This is probably faster than matching each regex individually since the regex engine has more scope for optimising the regex.
Since you have a finite set in this case, you could use short ciruit evaluation:
m = compiled_regex_1.match(name) or
compiled_regex_2.match(name) or
compiled_regex_3.match(name) or
print("ARGHHHH!")
In Python 2.6 or better:
import itertools as it
m = next(it.ifilter(None, (r.match(name) for r in regexes)), None)
The ifilter call could be made into a genexp, but only a bit awkwardly, i.e., with the usual trick for name binding in a genexp (aka the "phantom nested for clause idiom"):
m = next((m for r in regexes for m in (r.match(name),) if m), None)
but itertools is generally preferable where applicable.
The bit needing 2.6 is the next built-in, which lets you specify a default value if the iterator is exhausted. If you have to simulate it in 2.5 or earlier,
def next(itr, deft):
try: return itr.next()
except StopIteration: return deft
I use something like Dave Kirby suggested, but add named groups to the regexps, so that I know which one matched.
regexps = {
'first': r'...',
'second': r'...',
}
compiled = re.compile('|'.join('(?P<%s>%s)' % item for item in regexps.iteritems()))
match = compiled.match(my_string)
print match.lastgroup
Eric is in better track in taking bigger picture of what OP is aiming, I would use if else though.
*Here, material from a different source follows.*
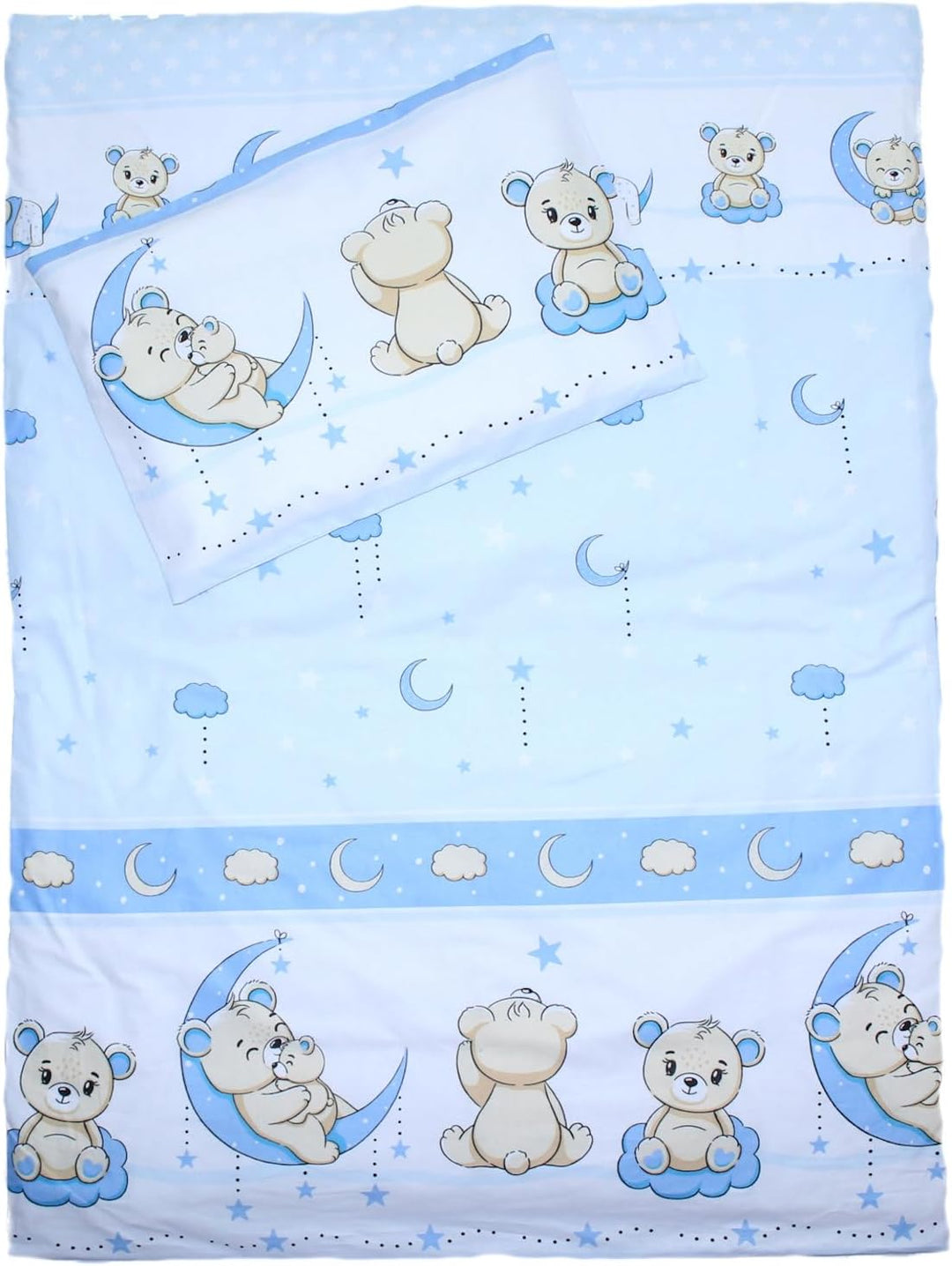 Baby Bettset Bettwäsche mit Himmel Vollstoff - Bärchen Blau - Bettausstattung Set (5 teilig), 5 teil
I would also think that using print function in or expression is little questionable. +1 for Nathon of correcting OP to use proper else statement.
Then my alternative:
# alternative to any builtin that returns useful result,
# the first considered True value
def first(seq):
for item in seq:
if item: return item
regexes = [
compiled_regex_1,
compiled_regex_2,
compiled_regex_3,
]
m = first(reg.match(name) for reg in regexes)
print(m if m else 'ARGL NOTHING MATCHES THIS!!!')